Kaidah

KAIDAH-KAIDAH AKAD DALAM ISLAM (KEDUA DAN KETIGA)

KAIDAH KEDUA: RUKUN-RUKUN AKAD

(Terjemahan ini telah diperluas dan dilengkapi dengan beberapa penjelasan tambahan yang disarikan dari syarah Prof. Khalid al-Musyaiqih di channel YouTube beliau, agar mudah dipahami).

Menurut mayoritas ulama, rukun akad ada tiga:

1. Al-Muta‘aqidān (Para pihak yang berakad).

Misalnya: Dalam akad jual beli harus ada penjual dan pembeli, dalam akad sewa menyewa harus ada pihak yang menyewakan (muajjir) dan pihak penyewa (musta’jir), dan sebagainya.

2. Ash-Shīghah (formula akad).

-Sigah adalah pernyataan atau perbuatan yang menunjukkan kerelaan kedua pihak terhadap akad.

-Bisa berupa ucapan (ijab qabul), misalnya pemilik berkata: “Saya sewakan rumah ini sebulan dengan harga sekian,” dan penyewa menjawab: “Saya terima.”

-Atau bisa berupa perbuatan, misalnya penjual menyerahkan barang dan pembeli menyerahkan harga tanpa ucapan (disebut mu‘āṭah dalam istilah fikih).

3. Al-Ma‘qūd ‘Alaih (Objek yang menjadi pokok akad).

Contoh: Dalam akad sewa-menyewa, objek akad adalah manfaat dari rumah untuk tempat tinggal atau dari toko untuk berdagang.

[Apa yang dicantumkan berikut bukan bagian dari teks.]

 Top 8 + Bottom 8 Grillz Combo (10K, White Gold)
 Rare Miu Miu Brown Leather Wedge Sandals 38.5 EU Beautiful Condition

Sedangkan menurut ulama Hanafiyah, rukun akad hanya satu, yaitu ash-shīghah saja.

Dengan demikian, setiap akad tidak mungkin sah kecuali dengan terpenuhi tiga rukun ini: adanya pihak yang berakad, adanya objek akad, dan adanya shīghah.

KAIDAH KETIGA: HUKUM ASAL AKAD ADALAH SAH

Hukum asal setiap akad adalah halal dan sah. Sebuah akad tidak diharamkan kecuali ada dalil dari Al-Qur’an atau Sunnah Nabi  .

Beberapa dalil yang menjadi dasar kaidah ini antara lain:

QS. al-Mā’idah: 1

يَا أَيُّهَا الَّذِينَ آمَنُوا أَوْفُوا بِالْعُقُودِ

“Hai orang-orang yang beriman, penuhilah akad-akad itu.”

– Ini mencakup semua jenis akad.

QS. al-Mu’minūn: 8

وَالَّذِينَ هُمْ لِأَمَانَاتِهِمْ وَعَهْدِهِمْ رَاعُونَ

“Dan orang-orang yang memelihara amanat-amanat (yang dipikulnya) dan janjinya (akad).”

QS. al-Baqarah: 275

وَأَحَلَّ اللَّهُ الْبَيْعَ وَحَرَّمَ الرِّبَا

“Allah menghalalkan jual beli dan mengharamkan riba.”

– Ini mencakup seluruh bentuk akad/transaksi.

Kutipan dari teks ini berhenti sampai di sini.